When building APIs, the choice between GraphQL and REST isn't just about technical preferences—it directly impacts your SDK strategy, developer adoption, and long-term maintenance overhead. Both approaches can power successful APIs, but they handle data fetching, versioning, and client integration in fundamentally different ways.
This guide breaks down the practical differences between GraphQL and REST from an implementation perspective, covering data workflows, performance trade-offs, SDK generation strategies, and how both approaches work with emerging standards like the Model Context Protocol for AI agents.
What are GraphQL and REST APIs
The fundamental difference between GraphQL and REST lies in how they handle data fetching and structure endpoints. REST APIs expose multiple endpoints, each returning a fixed data structure, which can force clients to make several requests or receive more data than needed. In contrast, GraphQL uses a single endpoint where the client submits a detailed query, allowing it to request and receive only the exact data it requires in one go.
Both approaches are powerful ways to build APIs. Modern tooling can generate SDKs from either, often by converting a GraphQL schema into an OpenAPI Specification first, though you may need to create OpenAPI specs manually for some APIs.
Define request models
REST is an architectural style that uses standard HTTP methods on specific resource URLs. You might GET /tasks
to list all tasks or POST /tasks
to create a new one. The server dictates the shape of the data you get back from each endpoint.
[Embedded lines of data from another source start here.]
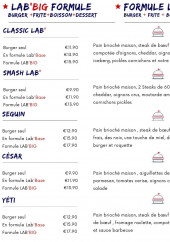 Menu Le Lab Burger - Formules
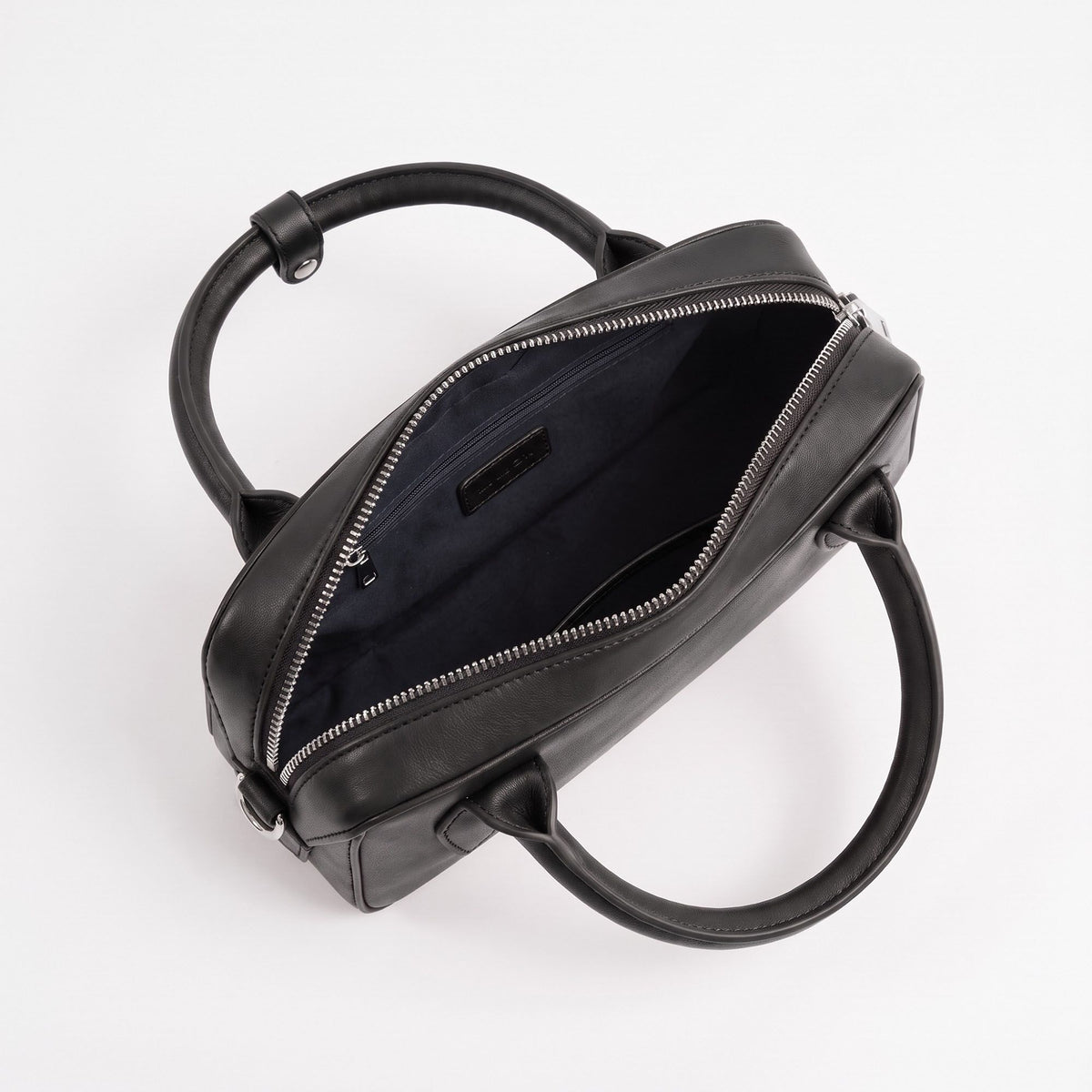 Structured Top Handle Handbag with Zipper Closure and Shoulder Strap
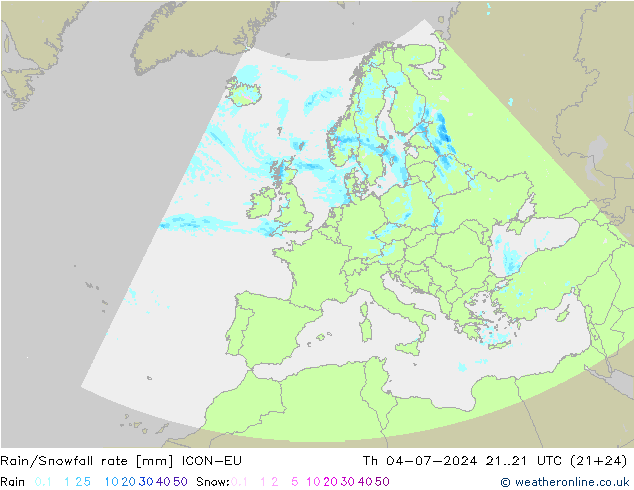 Rain/Snowfall rate ICON-EU 星期四 04.07.2024 21 UTC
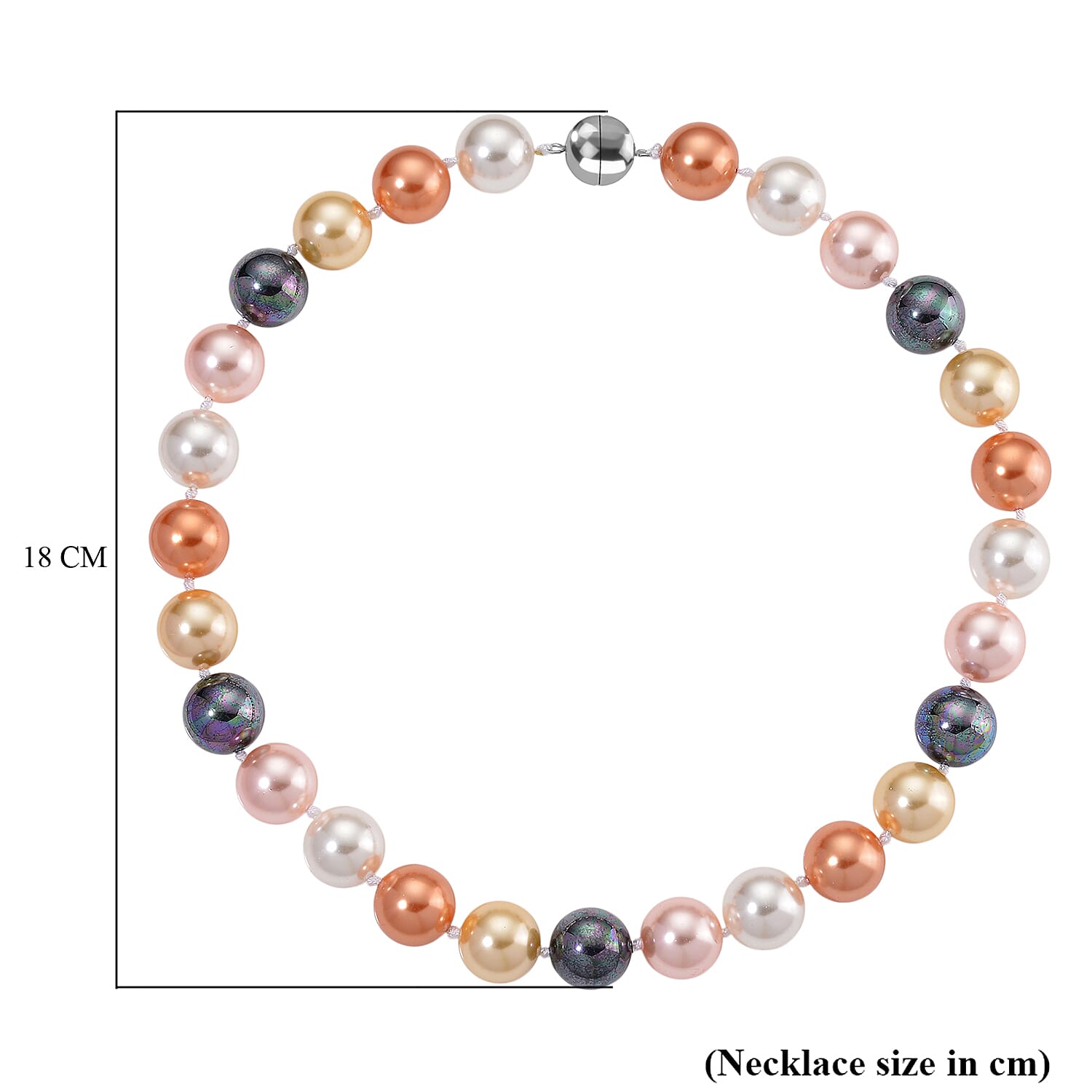 Multi Colour Shell Pearl Necklace (Size 20) with Magnetic Clasp 450.00 Ct.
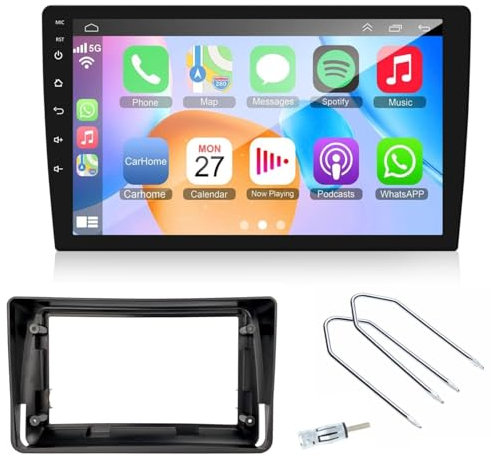Kit Autoradio 9″ Grande Schermo + Mascherina Adattatore per Fiat Panda (169) 2002-2011 – Touch Screen 2DIN, Bluetooth 5.0, USB, Wireless Apple CarPlay & Android Auto, GPS, Plug & Play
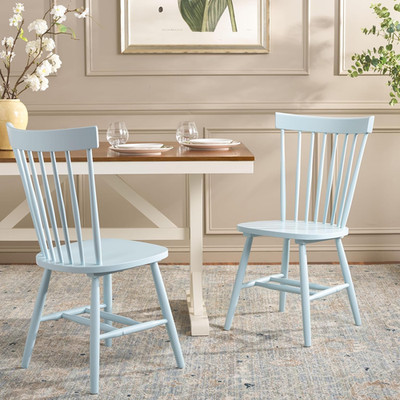 Parker Pale Blue Windsor Solid Wood Dining Chair Set of 2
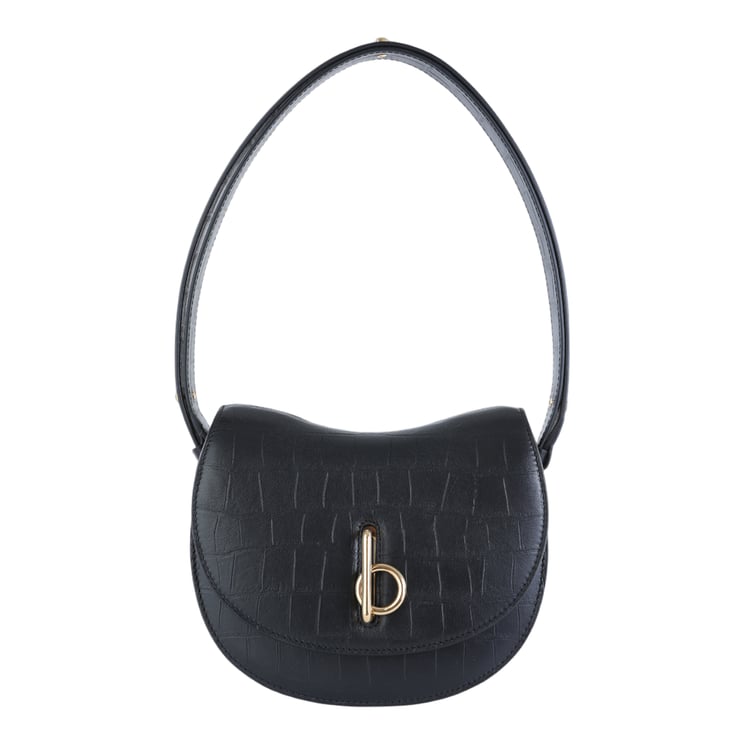 Burberry Textured Black Shoulder Bag With Curved Flap And Gold-Tone Clasp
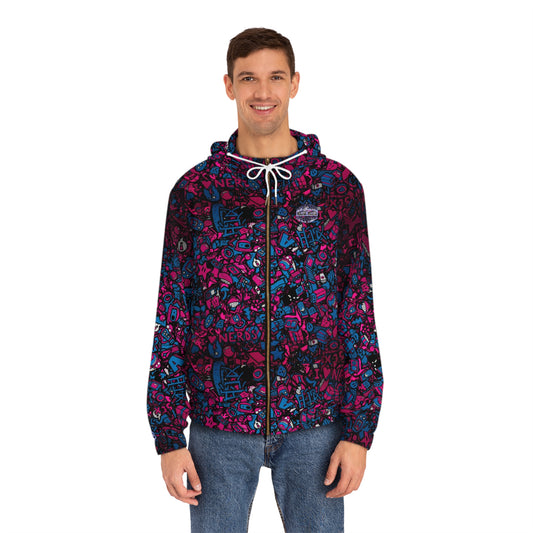 Men's Doodle Graphic Full‑Zip Hoodie — Neon Pink & Blue All‑Over Print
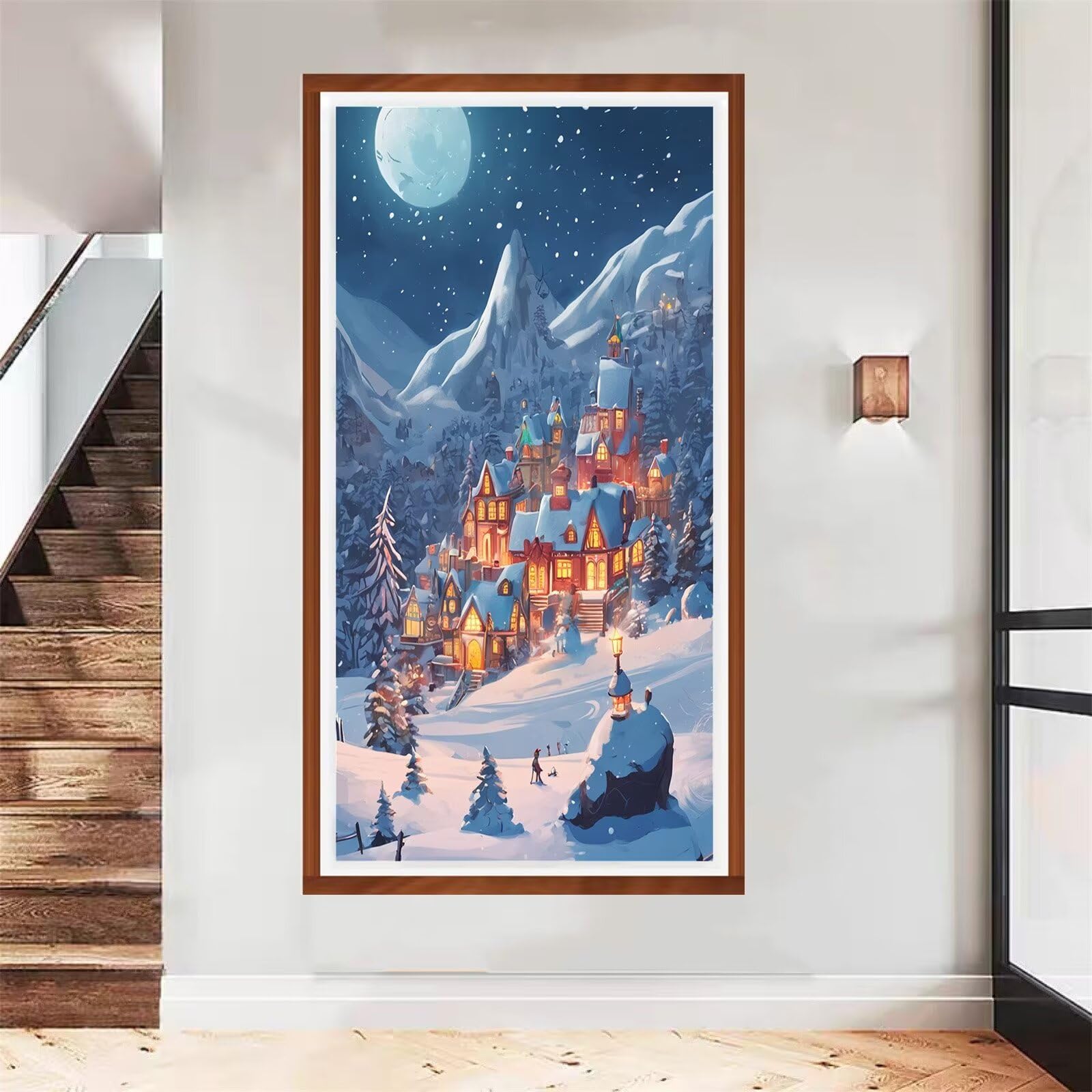 Kit Peinture Diamant Noël 70x40 Cm - 5D Strass Autocollants - Loisir Créatif Adulte - Décoration Murale Ou Cadeau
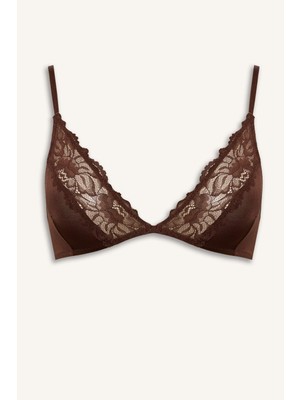 DeFacto Dantel Detaylı Saten Kapsız Pedsiz Balensiz BRALET F9387AX26SM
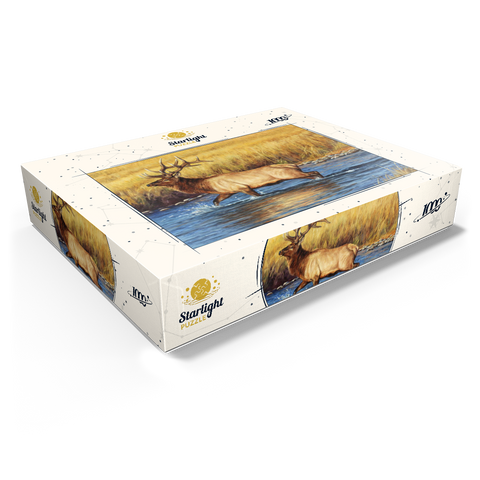 Bull Elk Crossing River in Autumn 1000 Jigsaw Puzzle box view1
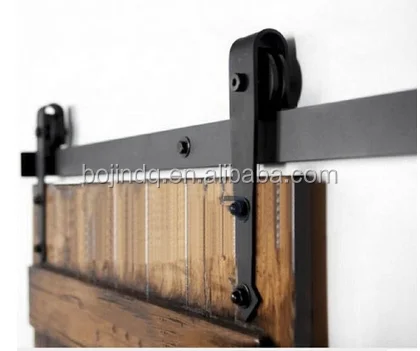 
12Ft Sliding Barn Door Closet Hardware Set Black Wood Antique Style Double Track Kit System 
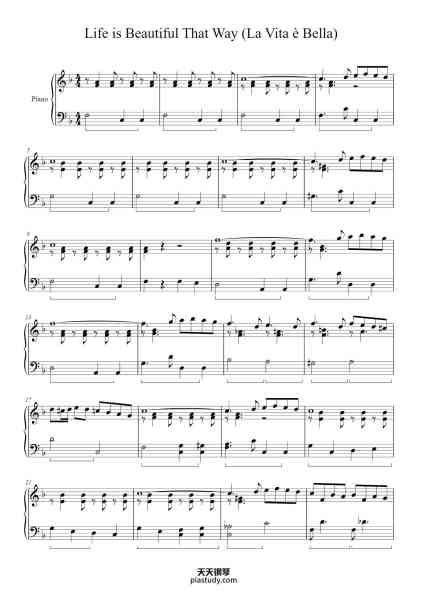 “Life is Beautiful That Way (La Vita è Bella)”钢琴谱-Piovani
Arr: GC
-免费下载-天天钢琴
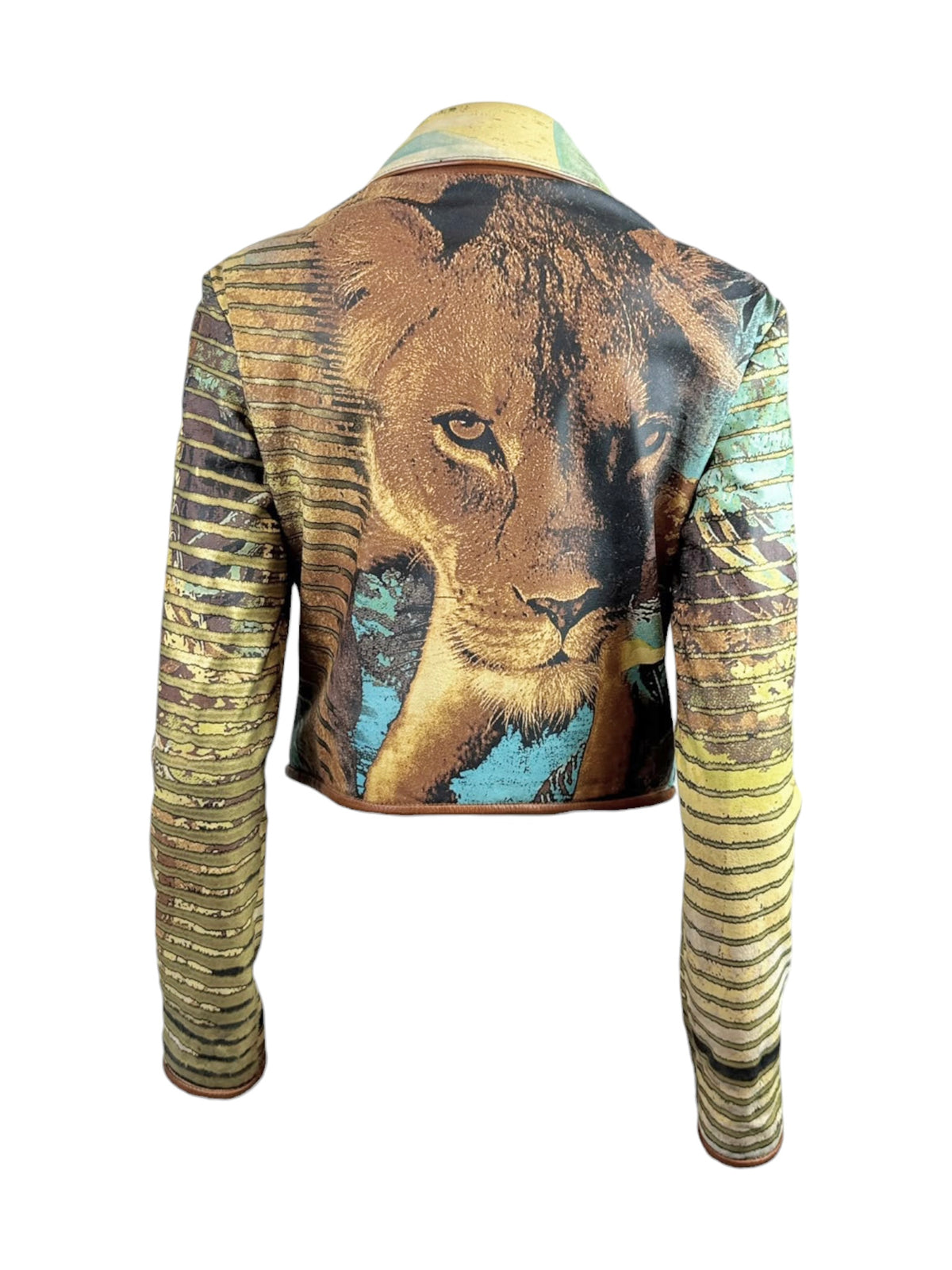 Roberto Cavalli Spring 2002 Printed leather lion jacket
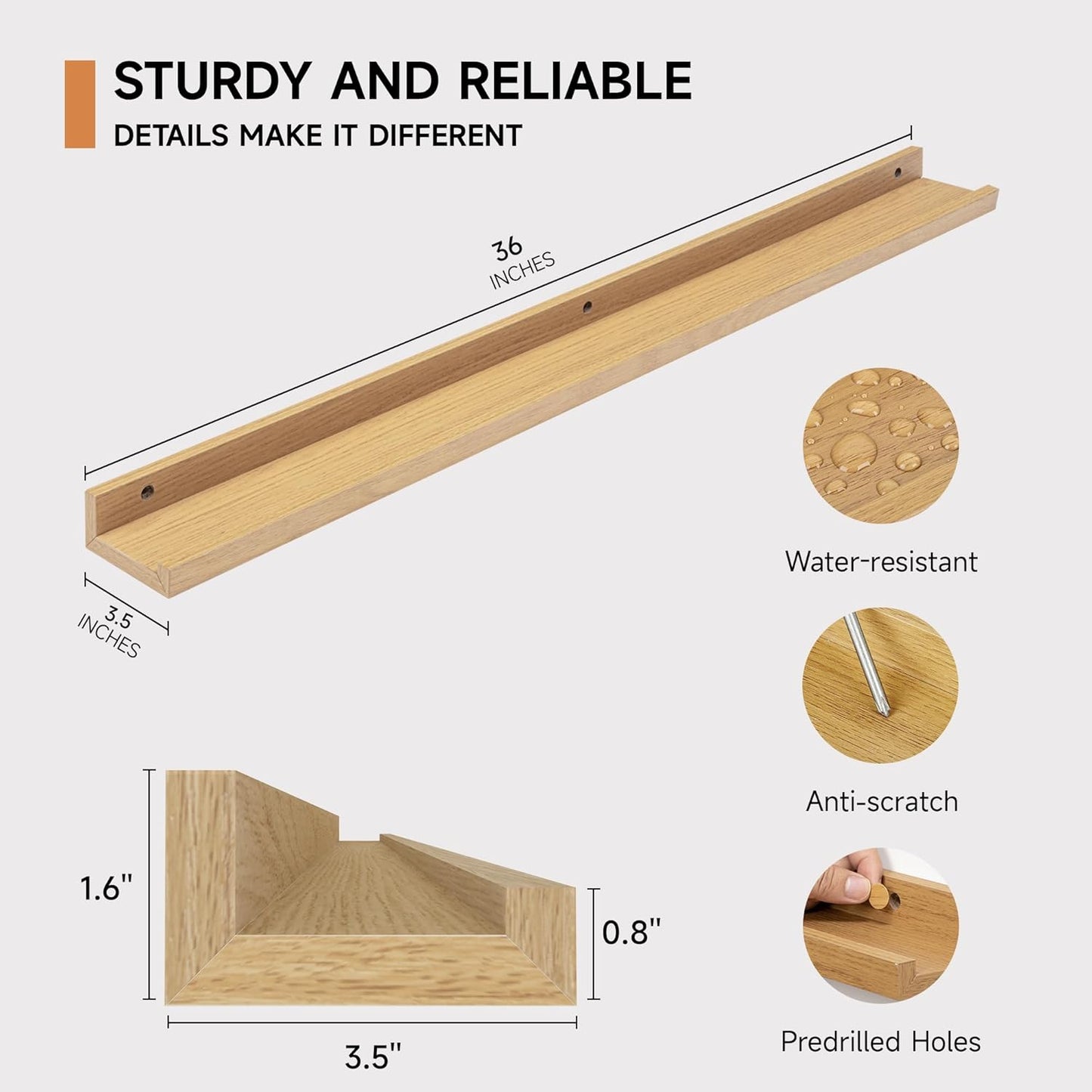 Picture Ledge Shelf for Wall, Floating Shelves Set of 4, 36 Inch Long Nursery Book Shelves for Toys Storage, Kids Bookshelf Wall Mounted for Books Photo Frames, Oak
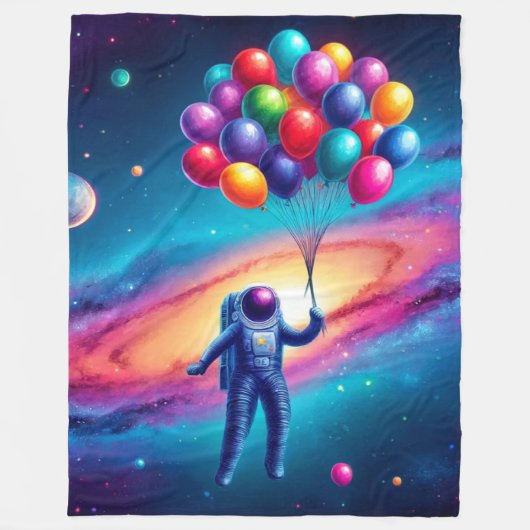 Astronaut Art Fleece Deken (Voorkant)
GraphQL is a query language for your API. Clients send query
or mutation
operations to a single endpoint, like /graphql
. The structure of the request itself defines the structure of the response, giving the client full control.
Describe schema contracts
Both API styles rely on a schema, which acts as a contract between the client and server.
REST: Typically uses the OpenAPI Specification (formerly Swagger). This document defines every endpoint, its parameters, and the shape of its responses.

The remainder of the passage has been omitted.